Some of the elements in the function codes above are superfluous or unnecessarily connected. For example: `PreS` with a suffixed subject belongs in the same category as `Pred+Subj`. In the `IntS` function, the interrogative is (at this point) superfluous for phrase-level valency function, but the `S` of subject is necessary. Let's simplify those labels. While we're at it, we'll convert the codes into more readable forms and also convert the `Objc` label into a direct object label.<br><br>
We keep the copy of the original dictionary in case we find that the altered labels contain valuable data later during the analysis stage.

In [5]:
# the new labels will be attached to a string and .split()'ed:
func_convert = {'Subj' : 'subject',    
                'PreC' : 'predicate complement',
                'Adju' : 'adjunct',
                'PreO' : 'predicate direct_object',
                'Pred' : 'predicate',
                'IntS' : 'subject',
                'PreS' : 'predicate subject',
                'Objc' : 'direct_object',
                'Time' : 'adjunct', # cf.

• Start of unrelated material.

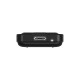 Silicon Power PX10 1TB Portable SSD USB 3.2 Gen2, R/W: up to 1050MB/s; 1050MB/s, Black, EAN: 4713436156345 Silicon Power PX10 1TB Portable SSD USB 3.2 Gen2, R/W: up to 1050MB/s; 1050MB/s, Black, EAN: 4713436156345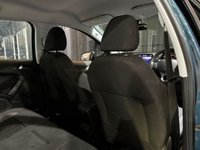 USED 2016 66 PEUGEOT 2008 1.2 PureTech Active SUV 5dr Petrol Manual Euro 6 (82 ps)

Roorda&Dyk notebook
                'Cmpl' : 'complement'
                }

simple_ckb_sats = dict()

for instance, satellites in ckb_sats.items():
    satellites = ' '.join(func_convert[fn] for fn in satellites)
    simple_ckb_sats[instance] = satellites.split()
    
print('\nOLD average num. of satellites per instance:')
print(avg_data(ckb_sats),'\n')
print('New average num. of satellites per instance:')
print(avg_data(simple_ckb_sats))


OLD average num. of satellites per instance:
2.24 

New average num. of satellites per instance:
2.41


^ a higher avg. means we've succeeded in splitting several of the combined satellites.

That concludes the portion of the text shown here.